Secondly, owing to limited resources at the disposal of the state, it has been difficult to extend social services to the country’s remote rural settlements. ”People have thus been encouraged to move into settlements with schools, health clinics and other training and vocational opportunities,” says Maribe.

At the same time Maribe says: ”It is possible for a previous deposit to, over time, become economic as a result of changes in mineral prices, technological advancements and lower production costs.” University of Botswana professor of political science Kenneth Good says the forced removals are reminiscent of the coerced resettlement policies of repressive colonial and quasi-colonial situations — such as the Scottish Highlands Clearances, the settlement of colonial Australia, French Algeria and apartheid South Africa.

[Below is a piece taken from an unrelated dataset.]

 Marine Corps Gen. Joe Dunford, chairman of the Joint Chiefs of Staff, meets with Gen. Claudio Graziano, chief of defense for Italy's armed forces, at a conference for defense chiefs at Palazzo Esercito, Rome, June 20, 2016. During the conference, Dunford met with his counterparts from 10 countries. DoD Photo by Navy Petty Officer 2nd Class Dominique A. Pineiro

He says the San communities have been relocated on several occasions to make way for the intensification of cattle production, the promotion of wildlife and tourism, for bureaucratic convenience and the exploitation of minerals. ”In the past official policy has been that the San have no real land-use rights and could be told to move out by anyone who had been awarded such rights by the state.”

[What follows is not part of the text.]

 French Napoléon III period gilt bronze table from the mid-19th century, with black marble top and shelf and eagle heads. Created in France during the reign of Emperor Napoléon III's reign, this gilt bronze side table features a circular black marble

Good says mining exploration concessions intensified inside the reserve at the same time as the removals were taking place. SI is concerned about the great secrecy with which De Beers, as an interested company in Gope holding a retention licence, has been speculating — and says that only a handful of senior people in the government know the mining potential of the CKGR.

The NGO cites a statement in which mining company African Diamonds, which says: ”Ground geophysical surveys suggest that some of the kimberlites may be bigger than reported by De Beers.” SI maintains that De Beers’s intention might not be to mine in the CKGR for years until other mines are exhausted — keeping the find in the ground and out of reach of other mining companies, which might be just as profitable as actually extracting the diamonds.

SI says many of the new concessions have been secured by BHP Billiton, the world’s biggest mining company, which has chosen complicated mechanism to do so without risking a collision with local populations.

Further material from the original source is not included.